Most employment lawyers have encountered serial litigants in the tribunal. I for one once found myself in a room with 10 other Barristers all trying to strike out a claim against the same Claimant. To defend in such circumstances costs in legal fees and in time and so many companies will simply settle for not an insubstantial sum.
Anthony Bentley, who claims in his CV to be a qualified photographer and to have been an entertainer, issued proceedings for age discrimination and, in some cases, disability discrimination, in tribunals across the country, including Manchester, Exeter, Sheffield and London. 

The EAT said that Bentley would either apply for a job or inform the potential employer that he was available for work. When he did not receive a job offer, he would issue proceedings.
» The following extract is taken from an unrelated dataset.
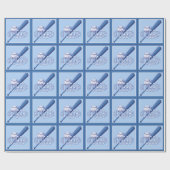 Papier Cadeau Papier d'enveloppement de boule de baseball (Plat)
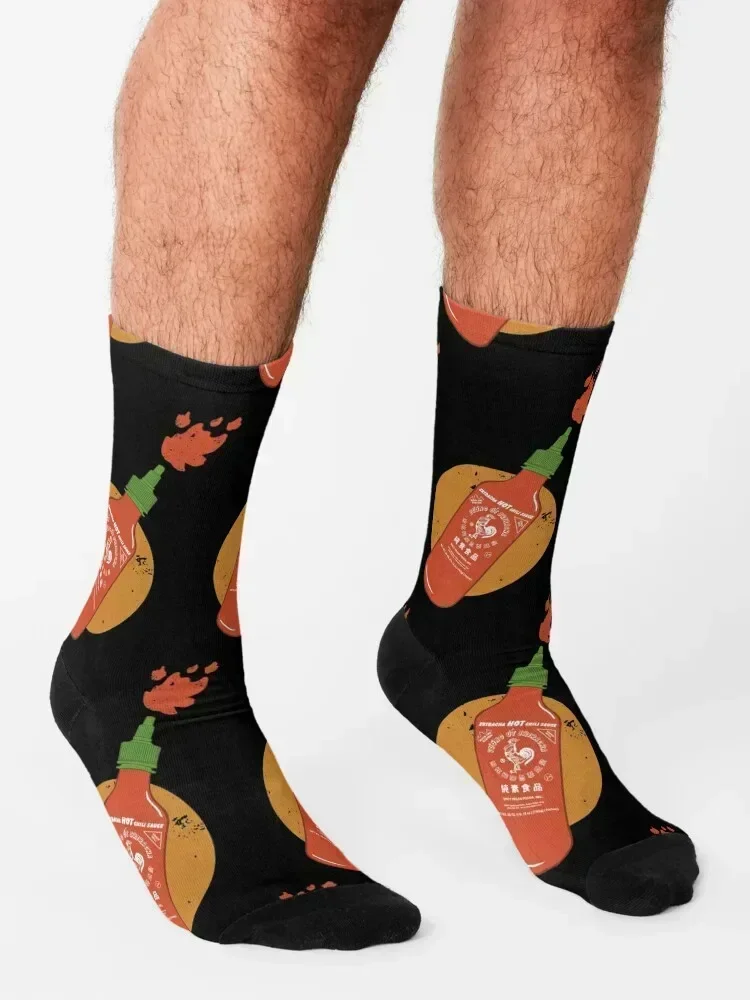 جوارب Sriracha الملونة جوارب الأزهار الكرتونية جوارب ضغط النساء الجوارب الرجالية #3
He attended no hearings and none of his claims, all made between 3 June 2009 and 29 September 2011, was successful.
The EAT said it has imposed the little known, indefinite ‘restriction of proceedings order’ on Bentley under section 33 of the Employment Tribunals Act 1996. This bars him from starting or continuing any proceedings before an employment tribunal or the EAT without the EAT’s permission.

Section 33 of the Employment Tribunals Act provides in subsection 1:
“If, on an application by the Attorney General… the Appeal Tribunal is satisfied that a person has habitually and persistently and without any reasonable ground—
(a) instituted vexatious proceedings, whether in an Employment Tribunal or before the Appeal Tribunal, and whether against the same person or against different persons; or
(b) made vexatious applications in any proceedings, whether in an Employment Tribunal or before the Appeal Tribunal,
the Appeal Tribunal may, after hearing the person or giving him an opportunity of being heard, make a restriction of proceedings order.” 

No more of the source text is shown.